According to the annalists, there is one leading anti-crisis and budgetary measure: 10% reduction of administrative expenditure. The government’s plans are that this would save 450 million levs (230 million euro) of the budget which is almost one third of the needed result. The question is where the rest of the money up to 1.6 billion levs (0.82 million euro) would come from.
The economists noted the aim of collecting half a billion levs from CO2 emissions sales as quite conditional. The other main source of revenues - privatization, even if it could contribute to the revenues that are needed, “it would be recorded in a footnote in the budget, i.e. as financing the deficit, not as budget revenue”.
The assessment of IME for the fiscal measures is positive in general, except for some completely unclear ones as: "Collection of additional internal and external financial resources in support of the fiscal reserve”. The analysts gave a negative assessment for: “Silver Fund investment regime liberalization which allows investing in low risk Bulgarian financial instruments.” According to the analysts this measure will not help the budget deficit, but rather poses a serious risk to it.
There is a critical attitude towards measures that allow different treatment of some social or business groups. For example, the change in the way of taxation of insurance premiums has been criticized by economists, arguing that "the insurance business is a business like any other and should be levied on its profits. Any other "balancing tricks,” show tendentious respect and a searching of victims.”
With regard to the so called luxury tax ("Doubling the tax for housing estimated to cost more than 300, 000 levs (153,000 euro) and the tax on cars with an insurance value of over 70 thousand (35,000 euro), tripling the tax on personal yachts and airplanes"), IME's position is clear:
“We have always defended the idea of tax equity, because the higher tax base anyway supposes higher absolute tax amount. Most likely local taxes collection would drop additionally and the final effect could be negative. Collecting additional tax on yachts and planes would be close to zero because these "luxury goods" can easily be registered in countries with more favourable taxation regime. A pure populist measure.”

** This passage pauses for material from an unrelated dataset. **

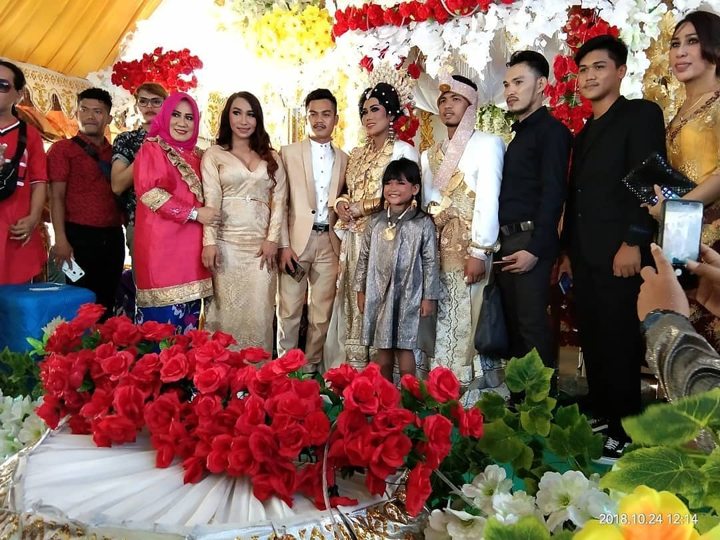 Acara resepsi pernikahan Evi Masamba yang dihadiri para tamu undangan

Entirely positive is the assessment of the measures that lead to public spending cuts - as mentioned above, according to the analysts, this is the leading and the most important measure. Except the decision for “additional subsidy for the Ministry of Labour and Social Policy for activities of social assistance from the state budget”, arguing that “it is an enormous resource that would neutralize the effect of many of the positive measures.”
There is a 100 % support for the measures aimed at restoring state fiscal discipline, because they are related to the axioms - that contracts and deadlines must be respected.
The economists from IME are firmly against the increase of the capital of the Bulgarian Development Bank. This assessment is a logical consequence of IME's general position against the very existence of BDB and the controversial need of it: “The bank is not guided by market principles, politics is being involved which is worrying … One growing state bank hides many risks, not for the clients but for the taxpayers.”
Entirely negative is the assessment of the measures aimed at the labour market and those in support of the households. The liberal economists are consecutive and downright opponents of the trade union's dream of increasing minimal salary, which is about to be achieved by the crisis plan of the cabinet. But according to the Institute this would have the opposite effect, because it would lead to higher unemployment and increase grey economy. Removing the limit of compensations would reduce the stimulus for finding jobs and would lead to enormous budget spending, which will be paid by the people who are still working.
According to the economists, “one of the worst measures in the whole plan” is giving the Minister of Labour and Social Affairs more rights to dictate conditions to the private businesses in terms of salaries, working time etc. The sector organizations, that are monopolistic and quasi-state, should be completely removed, rather than get more power.
The good news is, that for now there would be no rising of basic taxes, but balancing the budget would require additional spending cut. According to the analysts, administration cuts are extremely necessary but insufficient to balance the budget. And the measures on labor market are defined like “insanity”.
“These are the measures expected to balance the budget, but they may be insufficient. Higher VAT is not a good idea; it has not been accepted by the society and may drop out. This means that the budget hole may not be filled in without spending more on extra related measures. The state should seriously reduce its expenditure. Everything else is secondary.”
The conclusion, according to IME: the budget is under a very serious treat!